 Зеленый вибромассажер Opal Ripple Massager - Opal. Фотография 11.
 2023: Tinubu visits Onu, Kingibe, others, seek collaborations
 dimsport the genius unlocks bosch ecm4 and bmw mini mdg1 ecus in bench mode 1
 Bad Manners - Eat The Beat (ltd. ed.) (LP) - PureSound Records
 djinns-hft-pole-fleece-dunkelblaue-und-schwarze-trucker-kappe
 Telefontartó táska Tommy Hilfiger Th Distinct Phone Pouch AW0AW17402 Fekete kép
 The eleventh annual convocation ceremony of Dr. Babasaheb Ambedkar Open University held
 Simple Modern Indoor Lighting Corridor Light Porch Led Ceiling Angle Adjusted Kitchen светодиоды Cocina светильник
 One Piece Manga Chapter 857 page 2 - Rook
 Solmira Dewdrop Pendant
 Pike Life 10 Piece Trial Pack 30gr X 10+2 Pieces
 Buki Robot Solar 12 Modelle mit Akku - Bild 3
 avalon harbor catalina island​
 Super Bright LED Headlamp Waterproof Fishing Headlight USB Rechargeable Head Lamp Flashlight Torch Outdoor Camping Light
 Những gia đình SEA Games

_The task_
No line may be skipped. Transcribe the listing above exactly.

_Result for this task_
 Зеленый вибромассажер Opal Ripple Massager - Opal. Фотография 11.
 2023: Tinubu visits Onu, Kingibe, others, seek collaborations
 dimsport the genius unlocks bosch ecm4 and bmw mini mdg1 ecus in bench mode 1
 Bad Manners - Eat The Beat (ltd. ed.) (LP) - PureSound Records
 djinns-hft-pole-fleece-dunkelblaue-und-schwarze-trucker-kappe
 Telefontartó táska Tommy Hilfiger Th Distinct Phone Pouch AW0AW17402 Fekete kép
 The eleventh annual convocation ceremony of Dr. Babasaheb Ambedkar Open University held
 Simple Modern Indoor Lighting Corridor Light Porch Led Ceiling Angle Adjusted Kitchen светодиоды Cocina светильник
 One Piece Manga Chapter 857 page 2 - Rook
 Solmira Dewdrop Pendant
 Pike Life 10 Piece Trial Pack 30gr X 10+2 Pieces
 Buki Robot Solar 12 Modelle mit Akku - Bild 3
 avalon harbor catalina island​
 Super Bright LED Headlamp Waterproof Fishing Headlight USB Rechargeable Head Lamp Flashlight Torch Outdoor Camping Light
 Những gia đình SEA Games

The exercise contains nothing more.